We need to introduce the function $CEncode$ , which maps a ciphertext to its byte-string

representation, and the corresponding inverse function $CDecode$ . For the integer $l>0$ , word string $s\in W^{4}$ , integers $0\leq u_{1},u_{2},v<256^{l}$ , and byte string $e\in B^{\ast }$ ,

CEncode(l,s,u_{1},u_{2},v,e){\stackrel {\mathrm {def} }{=}}I_{W^{\ast }}^{B^{\ast }}(s)||pad_{l}(I_{Z}^{B^{\ast }}(u_{1}))||pad_{l}(I_{Z}^{B^{\ast }}(u_{2}))||pad_{l}(I_{Z}^{B^{\ast }}(v))||e\in B^{\ast }

For integer $l>0$ , byte string $\psi \in B^{\ast }$ , such that $L(\psi )\geq 3l+16$ ,

CDecode(l,\psi ){\stackrel {\mathrm {def} }{=}}(I_{B^{\ast }}^{W^{\ast }}({\Bigl [}\psi {\Bigr ]}_{0}^{16}),I_{B^{\ast }}^{Z}({\Bigl [}\psi {\Bigr ]}_{16}^{16+l}),I_{B^{\ast }}^{Z}({\Bigl [}\psi {\Bigr ]}_{16+l}^{16+2l}),I_{B^{\ast }}^{Z}({\Bigl [}\psi {\Bigr ]}_{16+2l}^{16+3l}),{\Bigl [}\psi {\Bigr ]}_{16+3l}^{L(\psi )})\in W^{4}\times Z\times Z\times Z\times B^{\ast }

Encryption Process

Algorithm. ACE asymmetric encryption operation.
input: public key $(P,q,g_{1},g_{2},c,d,h_{1},h_{2},k_{1},k_{2})$ and byte string $M\in B^{\ast }$ .
Output: byte string — ciphertext $\psi \$ of $M$ .

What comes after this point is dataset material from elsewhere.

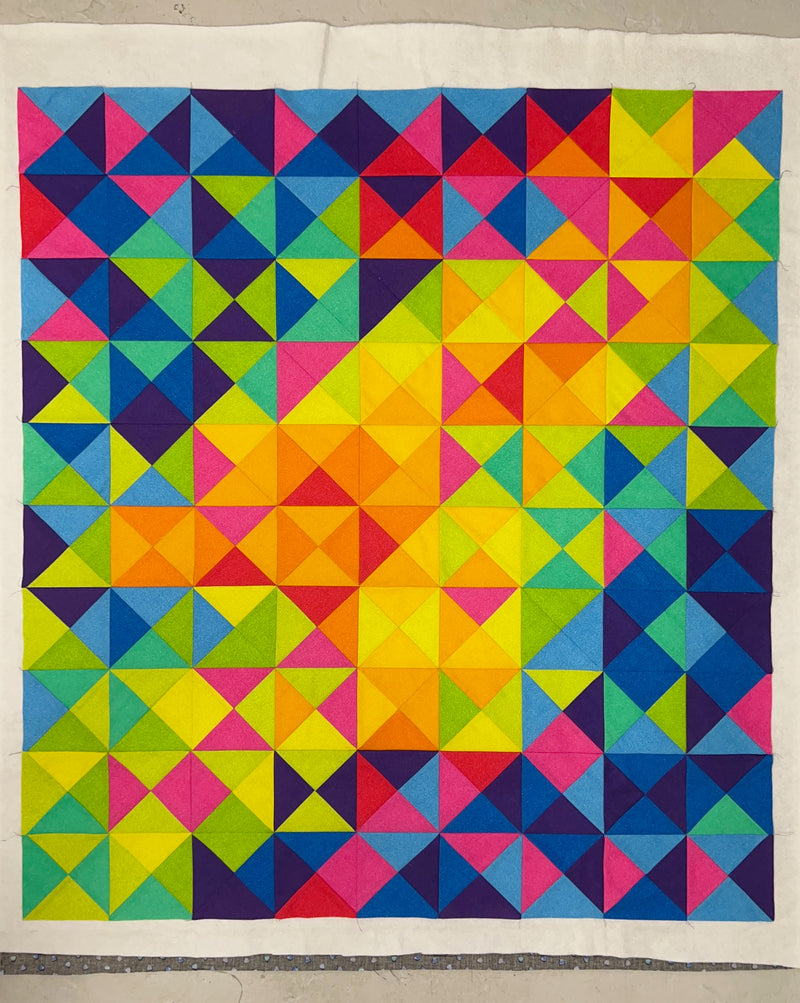 CRIMP Quilt Pattern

Generate $r\in \left\{0,...,q-1\right\}$ at random.
Generate the ciphertext preamble:
1. Generate $s\in W^{4}$ at random.
2. Compute $u_{1}\leftarrow g_{1}^{r}remP$ , $u_{2}\leftarrow g_{2}^{r}remP$ .
3. Compute $\alpha \ \leftarrow UOWHash^{\prime }(k_{1},L_{B}(P),s,u_{1},u_{2})\in Z$ ; note that $0<\alpha \ <2^{160}$ .
4. Compute $v\leftarrow c^{r}d^{\alpha \ r}remP$ .
Compute the key for the symmetric encryption operation:
1. ${\tilde {h_{1}}}\leftarrow h_{1}^{r}remP$ , ${\tilde {h_{2}}}\leftarrow h_{2}^{r}remP$ .
2. Compute $k\leftarrow ESHash(k,L_{B}(P),s,u_{1},u_{2},{\tilde {h_{1}}},{\tilde {h_{2}}})\in W^{8}$ .
Compute cryptogram $e\leftarrow SEnc(k,s,1024,M)$ .
Encode the ciphertext:
$\psi \ \leftarrow CEncode(L_{B}(P),s,u_{1},u_{2},v,e)$ .
Return $\psi \$ .

Before starting off the symmetric encryption process, the input message $M\in B^{\ast }$ is divided into blocks $M_{1},...,M_{t}$ , where each of the block, possibly except the last one, is of 1024 bytes. Each block is encrypted by the stream cipher. For each encrypted block $E_{i}$ 16-byte message authentication code is computed. We get the cryptogram

e=E_{1}||C_{1}||...||E_{t}||C_{t}

L(e)=L(M)+16\left\lceil L(M)/m\right\rceil

Note that if $L(M)=0$ , then $L(e)=0$ .

Algorithm. ACE asymmetric encryption process.
Input: $(k,s,M,m)\in W^{8}\times W^{4}\times Z\times B^{\ast }$ $m>0$
Output: $e\in B^{l}$ , $l=L(M)+16\left\lceil L(N)/m\right\rceil$ .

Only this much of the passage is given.